Thomas Walz, a professor of social work at the University of Iowa and a primary member of Bill's support system, felt compelled to write this thought-provoking and sympathetic portrayal of Bill, possibly because of his personal struggle to come to terms with having a mentally challenged brother and son. Walz does an excellent job of bringing Bill to life by employing the words and sentence structure Bill might have used. There are many poignant and heart-warming vignettes about Bill's life both inside and outside institutions.

In 1920, at the age of seven, Bill entered a Minnesota State School for the Feeble-Minded and Epileptics, where he remained for about 45 years. Walz gives a balanced view of life in an institution, effectively describing the socialization Bill received as an "inmate." Attendants subjected Bill to two attacks over the years. The first resulted in Bill's permanently losing his hair, leading to a lifelong obsession with wigs, and the second caused a chronic ulceration in his leg.
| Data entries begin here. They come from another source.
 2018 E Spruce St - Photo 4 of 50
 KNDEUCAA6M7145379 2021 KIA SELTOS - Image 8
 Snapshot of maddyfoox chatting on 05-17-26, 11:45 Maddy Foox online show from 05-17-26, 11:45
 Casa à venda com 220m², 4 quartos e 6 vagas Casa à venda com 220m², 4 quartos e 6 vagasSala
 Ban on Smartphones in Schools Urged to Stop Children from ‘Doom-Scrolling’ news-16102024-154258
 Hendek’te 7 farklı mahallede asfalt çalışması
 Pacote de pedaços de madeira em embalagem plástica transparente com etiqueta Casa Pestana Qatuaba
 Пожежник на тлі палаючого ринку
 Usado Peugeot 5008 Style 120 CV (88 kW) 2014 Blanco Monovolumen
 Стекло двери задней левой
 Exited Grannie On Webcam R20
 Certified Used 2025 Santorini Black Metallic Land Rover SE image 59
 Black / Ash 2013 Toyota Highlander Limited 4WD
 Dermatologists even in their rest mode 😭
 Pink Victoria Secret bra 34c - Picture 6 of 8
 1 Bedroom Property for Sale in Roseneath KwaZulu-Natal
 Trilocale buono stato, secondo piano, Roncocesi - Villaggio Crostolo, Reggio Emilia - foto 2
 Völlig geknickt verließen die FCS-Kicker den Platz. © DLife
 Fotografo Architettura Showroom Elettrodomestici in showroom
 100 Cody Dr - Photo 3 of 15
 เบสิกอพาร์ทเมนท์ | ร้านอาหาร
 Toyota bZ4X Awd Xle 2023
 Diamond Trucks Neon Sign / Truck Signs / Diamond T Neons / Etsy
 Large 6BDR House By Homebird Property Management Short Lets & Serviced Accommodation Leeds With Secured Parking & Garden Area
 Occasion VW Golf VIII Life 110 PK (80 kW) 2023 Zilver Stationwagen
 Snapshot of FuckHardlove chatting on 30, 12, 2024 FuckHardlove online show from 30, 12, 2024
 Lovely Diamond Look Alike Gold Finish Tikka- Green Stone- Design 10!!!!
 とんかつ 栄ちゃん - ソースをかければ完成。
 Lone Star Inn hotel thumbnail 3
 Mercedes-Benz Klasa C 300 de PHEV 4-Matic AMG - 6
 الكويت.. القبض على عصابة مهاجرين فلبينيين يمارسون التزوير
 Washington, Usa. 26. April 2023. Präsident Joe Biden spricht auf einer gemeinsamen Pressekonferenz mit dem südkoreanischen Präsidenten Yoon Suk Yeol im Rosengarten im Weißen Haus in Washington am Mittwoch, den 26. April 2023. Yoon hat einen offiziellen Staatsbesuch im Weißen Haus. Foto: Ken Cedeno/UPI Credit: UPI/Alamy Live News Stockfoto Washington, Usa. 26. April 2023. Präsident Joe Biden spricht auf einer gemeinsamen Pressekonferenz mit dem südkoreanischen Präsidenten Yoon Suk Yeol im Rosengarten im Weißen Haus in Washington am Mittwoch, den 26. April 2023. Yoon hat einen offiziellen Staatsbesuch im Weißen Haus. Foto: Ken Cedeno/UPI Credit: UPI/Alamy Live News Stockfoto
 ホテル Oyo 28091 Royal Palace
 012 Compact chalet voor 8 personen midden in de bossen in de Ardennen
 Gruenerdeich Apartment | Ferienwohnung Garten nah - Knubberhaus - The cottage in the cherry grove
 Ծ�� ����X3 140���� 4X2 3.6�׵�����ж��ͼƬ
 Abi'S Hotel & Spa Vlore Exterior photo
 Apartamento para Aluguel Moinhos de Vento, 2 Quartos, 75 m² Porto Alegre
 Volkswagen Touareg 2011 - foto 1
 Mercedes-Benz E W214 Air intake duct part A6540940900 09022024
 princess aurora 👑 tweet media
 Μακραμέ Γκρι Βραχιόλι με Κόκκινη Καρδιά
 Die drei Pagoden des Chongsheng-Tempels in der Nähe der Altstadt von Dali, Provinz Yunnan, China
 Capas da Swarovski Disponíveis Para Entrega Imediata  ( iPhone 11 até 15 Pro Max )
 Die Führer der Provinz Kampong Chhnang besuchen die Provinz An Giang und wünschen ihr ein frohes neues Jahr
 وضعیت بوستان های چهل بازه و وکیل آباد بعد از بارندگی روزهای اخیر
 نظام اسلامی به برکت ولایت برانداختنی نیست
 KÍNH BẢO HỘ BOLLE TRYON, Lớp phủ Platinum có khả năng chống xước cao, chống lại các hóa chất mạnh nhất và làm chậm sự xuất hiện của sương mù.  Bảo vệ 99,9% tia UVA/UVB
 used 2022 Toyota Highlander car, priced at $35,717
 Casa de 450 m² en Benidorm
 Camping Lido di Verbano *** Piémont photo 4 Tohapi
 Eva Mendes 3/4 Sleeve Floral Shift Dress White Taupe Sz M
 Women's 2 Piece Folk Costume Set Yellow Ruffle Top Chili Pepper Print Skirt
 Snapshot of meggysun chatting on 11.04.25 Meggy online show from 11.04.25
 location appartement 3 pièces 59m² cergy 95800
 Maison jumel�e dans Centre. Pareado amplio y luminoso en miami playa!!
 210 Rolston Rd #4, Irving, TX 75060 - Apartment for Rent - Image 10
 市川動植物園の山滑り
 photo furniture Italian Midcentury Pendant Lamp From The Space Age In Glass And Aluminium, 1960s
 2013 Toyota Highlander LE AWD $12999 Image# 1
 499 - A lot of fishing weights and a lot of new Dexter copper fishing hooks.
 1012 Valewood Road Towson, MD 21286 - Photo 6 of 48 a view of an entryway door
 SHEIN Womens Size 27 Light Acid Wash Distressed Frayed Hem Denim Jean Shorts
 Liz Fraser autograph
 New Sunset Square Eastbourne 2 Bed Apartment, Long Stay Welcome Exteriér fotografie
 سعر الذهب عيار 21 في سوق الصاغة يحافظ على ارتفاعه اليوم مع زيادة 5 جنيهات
Bill also learned to play the harmonica at the institution and developed a strong spiritual foundation, both of which held him in good stead throughout his life. Those familiar with the values, norms, and living conditions in the state hospitals during that era will not find the descriptions of Bill's life experiences unusual and will be reminded of how far we've come in the care of the mentally challenged.

When Bill was 62 years old and drifting aimlessly as a ward of the state, a young couple, Bev and Barry Morrow, took an interest in him and petitioned for guardianship. Barry accepted a job at the University of Iowa School of Social Work with the understanding that Bill would also be employed at the school. Bill eventually became the sole proprietor of Wild Bill's Coffeeshop on the University of Iowa campus. This job delighted Bill, who believed that all good men must work a full-time job. He interacted with numerous students, faculty members, and staff and soon was adored by all.

Bill was particularly blessed with special people in Iowa City: Barry Morrow; Tom Walz; Mae Driscoll, owner of his boarding house; and John Cane, a university faculty member. Rabbi Portman, who also served as Bill's guardian, encouraged Bill to have his Bar Mitzvah at age 66. These everyday heroes were determined to help Bill become all he could be. This is truly a magical story of love, devotion, community, and the connection between a special man and the people who loved and supported him.

Ms. Slade is manager of the partial hospital and chemical dependence programs and the psychiatric emergency services at Northwestern Memorial Hospital in Chicago.